Scraped caption text data:
<<<<
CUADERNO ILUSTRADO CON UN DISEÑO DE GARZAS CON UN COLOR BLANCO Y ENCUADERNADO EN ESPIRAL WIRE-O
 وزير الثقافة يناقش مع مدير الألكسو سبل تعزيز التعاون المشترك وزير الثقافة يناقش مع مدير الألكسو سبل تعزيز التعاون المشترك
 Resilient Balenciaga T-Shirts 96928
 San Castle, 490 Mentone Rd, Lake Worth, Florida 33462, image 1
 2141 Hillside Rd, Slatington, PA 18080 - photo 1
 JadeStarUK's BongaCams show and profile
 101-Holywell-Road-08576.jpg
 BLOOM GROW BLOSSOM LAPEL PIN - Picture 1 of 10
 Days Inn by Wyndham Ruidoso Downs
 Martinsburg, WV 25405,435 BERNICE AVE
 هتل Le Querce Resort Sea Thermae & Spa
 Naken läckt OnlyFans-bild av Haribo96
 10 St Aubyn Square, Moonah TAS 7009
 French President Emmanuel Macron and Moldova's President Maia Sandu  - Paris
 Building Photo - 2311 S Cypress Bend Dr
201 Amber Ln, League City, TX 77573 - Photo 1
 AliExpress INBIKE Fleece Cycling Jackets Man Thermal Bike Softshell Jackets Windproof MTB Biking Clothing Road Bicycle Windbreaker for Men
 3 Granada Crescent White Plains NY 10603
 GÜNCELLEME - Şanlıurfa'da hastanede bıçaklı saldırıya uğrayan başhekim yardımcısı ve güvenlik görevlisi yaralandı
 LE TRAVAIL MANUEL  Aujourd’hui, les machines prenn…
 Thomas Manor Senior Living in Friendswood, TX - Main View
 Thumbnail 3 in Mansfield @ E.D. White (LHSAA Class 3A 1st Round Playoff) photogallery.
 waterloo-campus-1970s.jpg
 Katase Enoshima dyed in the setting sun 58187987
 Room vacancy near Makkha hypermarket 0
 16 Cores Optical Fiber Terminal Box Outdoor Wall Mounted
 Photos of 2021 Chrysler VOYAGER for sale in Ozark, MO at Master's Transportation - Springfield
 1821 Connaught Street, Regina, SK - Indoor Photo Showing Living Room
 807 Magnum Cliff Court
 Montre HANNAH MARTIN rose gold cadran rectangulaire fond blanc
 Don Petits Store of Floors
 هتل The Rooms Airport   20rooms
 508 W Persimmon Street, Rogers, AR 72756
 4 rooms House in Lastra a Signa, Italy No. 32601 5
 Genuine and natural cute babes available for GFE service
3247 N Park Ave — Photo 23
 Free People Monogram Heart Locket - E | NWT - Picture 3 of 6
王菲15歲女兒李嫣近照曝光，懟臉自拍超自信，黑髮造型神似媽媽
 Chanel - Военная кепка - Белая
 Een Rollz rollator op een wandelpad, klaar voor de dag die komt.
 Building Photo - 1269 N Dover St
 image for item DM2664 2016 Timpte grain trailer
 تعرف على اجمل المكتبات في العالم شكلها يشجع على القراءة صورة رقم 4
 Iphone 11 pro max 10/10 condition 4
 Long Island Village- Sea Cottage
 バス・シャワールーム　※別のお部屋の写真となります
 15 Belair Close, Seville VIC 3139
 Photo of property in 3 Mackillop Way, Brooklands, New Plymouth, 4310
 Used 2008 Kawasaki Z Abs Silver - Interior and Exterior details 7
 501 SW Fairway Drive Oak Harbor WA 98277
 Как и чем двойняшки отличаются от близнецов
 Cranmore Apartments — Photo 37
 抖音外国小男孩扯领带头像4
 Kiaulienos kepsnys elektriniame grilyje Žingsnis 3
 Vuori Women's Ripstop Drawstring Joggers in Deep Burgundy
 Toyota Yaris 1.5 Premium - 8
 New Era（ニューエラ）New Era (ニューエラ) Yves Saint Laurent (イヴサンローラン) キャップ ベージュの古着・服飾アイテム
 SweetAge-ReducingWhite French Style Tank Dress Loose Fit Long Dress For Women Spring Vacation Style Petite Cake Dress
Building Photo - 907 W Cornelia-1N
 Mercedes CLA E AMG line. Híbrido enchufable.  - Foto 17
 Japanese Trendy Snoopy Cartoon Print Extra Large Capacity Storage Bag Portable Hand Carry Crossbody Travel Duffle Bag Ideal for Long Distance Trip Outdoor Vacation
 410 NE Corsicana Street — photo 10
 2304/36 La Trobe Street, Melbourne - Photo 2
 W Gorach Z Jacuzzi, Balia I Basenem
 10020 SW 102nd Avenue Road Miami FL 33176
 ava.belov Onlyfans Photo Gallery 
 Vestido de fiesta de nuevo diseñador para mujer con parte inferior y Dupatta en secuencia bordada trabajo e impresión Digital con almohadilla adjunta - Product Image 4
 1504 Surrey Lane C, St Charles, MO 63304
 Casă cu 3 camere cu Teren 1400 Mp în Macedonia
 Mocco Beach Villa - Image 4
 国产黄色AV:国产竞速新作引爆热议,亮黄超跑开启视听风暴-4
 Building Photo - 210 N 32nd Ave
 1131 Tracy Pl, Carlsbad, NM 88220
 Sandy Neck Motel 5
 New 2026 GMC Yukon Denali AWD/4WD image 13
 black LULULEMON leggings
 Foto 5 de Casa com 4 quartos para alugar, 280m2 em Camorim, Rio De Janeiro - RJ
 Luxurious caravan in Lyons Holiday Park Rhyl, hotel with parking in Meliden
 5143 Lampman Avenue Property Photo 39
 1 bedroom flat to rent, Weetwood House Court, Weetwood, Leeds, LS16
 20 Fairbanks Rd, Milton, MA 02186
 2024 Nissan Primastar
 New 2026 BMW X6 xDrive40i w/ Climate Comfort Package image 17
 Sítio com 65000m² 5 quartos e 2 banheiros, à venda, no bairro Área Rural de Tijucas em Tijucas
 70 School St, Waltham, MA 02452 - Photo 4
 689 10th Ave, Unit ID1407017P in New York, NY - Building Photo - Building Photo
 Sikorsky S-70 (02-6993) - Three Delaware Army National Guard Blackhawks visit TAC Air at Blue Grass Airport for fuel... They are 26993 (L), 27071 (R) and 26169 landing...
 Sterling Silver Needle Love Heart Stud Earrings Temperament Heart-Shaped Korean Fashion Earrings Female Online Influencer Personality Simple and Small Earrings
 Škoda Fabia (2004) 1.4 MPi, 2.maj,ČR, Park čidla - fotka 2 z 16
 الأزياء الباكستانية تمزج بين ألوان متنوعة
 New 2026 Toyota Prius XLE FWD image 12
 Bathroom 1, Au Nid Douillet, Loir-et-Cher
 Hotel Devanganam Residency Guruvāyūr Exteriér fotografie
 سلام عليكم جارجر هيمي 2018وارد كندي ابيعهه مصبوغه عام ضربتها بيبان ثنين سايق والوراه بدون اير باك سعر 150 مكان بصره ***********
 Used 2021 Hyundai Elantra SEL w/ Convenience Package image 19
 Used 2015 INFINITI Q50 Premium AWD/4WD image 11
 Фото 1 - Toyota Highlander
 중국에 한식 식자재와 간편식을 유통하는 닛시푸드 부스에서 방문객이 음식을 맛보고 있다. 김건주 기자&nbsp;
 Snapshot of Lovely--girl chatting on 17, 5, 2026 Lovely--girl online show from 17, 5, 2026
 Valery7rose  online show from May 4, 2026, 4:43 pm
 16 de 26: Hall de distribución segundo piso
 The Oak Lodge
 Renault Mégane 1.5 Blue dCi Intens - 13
>>>>
### Problem description
In the entries above, find every line holding the word "Blue" and copy it out.

### Expected output
 Sikorsky S-70 (02-6993) - Three Delaware Army National Guard Blackhawks visit TAC Air at Blue Grass Airport for fuel... They are 26993 (L), 27071 (R) and 26169 landing...
 Renault Mégane 1.5 Blue dCi Intens - 13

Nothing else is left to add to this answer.